Dr Vivienne Nathanson, the BMA’s Head of Science and Ethics, said: “It is very important that tax increases on alcohol are part of a larger plan to reduce problem drinking.” She added:
“The evidence tells us that the cheaper and more accessible alcohol is the more people will drink. The government needs to tackle this issue so it’s good news that ministers have made a start today. These tax increases may be unpopular with some members of the public but we hope that they will look at the wider issue and recognise that the UK has a real problem on its hands regarding alcohol misuse.
Tough action is needed. The UK is one of the heaviest alcohol consuming countries in Europe.
“Drinking in moderation is enjoyable and may be good for you. Drinking way over the recommended guidelines costs many people their health and ultimately their lives. The UK spends millions of pounds every year on treating people with alcohol problems and dealing with the crime and violence often associated with alcohol misuse.”

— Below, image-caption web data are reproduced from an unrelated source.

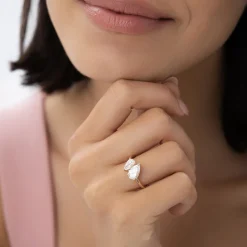 2.05 ctw 14k Toi et Moi Pear Shaped Lab Grown Diamond Ring - Ayla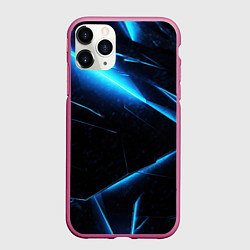 Чехол iPhone 11 Pro матовый Неоновая яркая геометрическая абстракция со светом, цвет: 3D-малиновый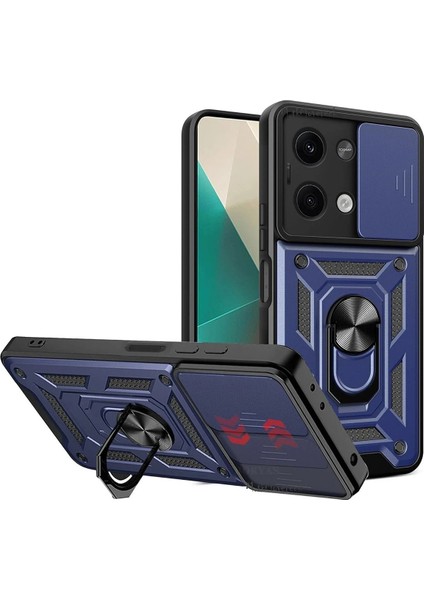 Xiaomi Poco X6 Kılıf Pars Lens Yüzüklü Silikon - Lacivert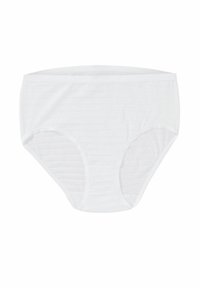 White high-waist brief underwear with elastic waistband, smooth fabric, and simple design against a plain white background.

British Liver Trust response
The British Liver Trust welcomes the rise in taxes on alcohol, yet there is far more to be done to prevent health harm caused by drinking. Legislation is needed to enforce a minimum price per unit. This would prevent a unit being bought for as little as 15 pence.
Alison Rogers, Chief Executive of the British Liver Trust, says: “With the recognition by the government that the price of alcohol is a factor in harmful drinking levels, it is time to take it a step further and legislate for a minimum price per unit.
There is a matrix of responsibility in tackling the health harm caused by alcohol. Individuals have a degree of responsibility in assessing their own drinking behaviour and deciding whether it will impact their health and wellbeing. However, as a nation we can send clear messages about the fact that alcohol is not an ordinary commodity and certainly should not be available at pocket money prices. Additionally, the government could ensure that supermarkets are not allowed to sell alcohol for under, say, 40p or 50p a unit.”
Last month the British Liver Trust conducted a report, which highlighted how cheap alcohol can be bought for. The Trust found a three litre bottle of 5% cider cost £2.39 (79p per litre), an equivalent of 15.8p a unit. Rogers comments: “Sadly 3p on a litre of cider is going to make little difference to the choice a youngster makes when they think about that night’s ‘binge’”.
“Alcohol is costing us very dear and it is time society woke up to this fact. It is not just the drinkers typified in the media, it is anyone who exceeds their limits,” added Rogers.
The Trust appreciates that there is a long way to go in encouraging people to drink at safe levels to avoid health problems. Unfortunately, drinking to excess has become part of British culture. Until this mentality changes through a series of measures including price, education, legislation and joined up thinking in government, the harms we are creating will only get worse.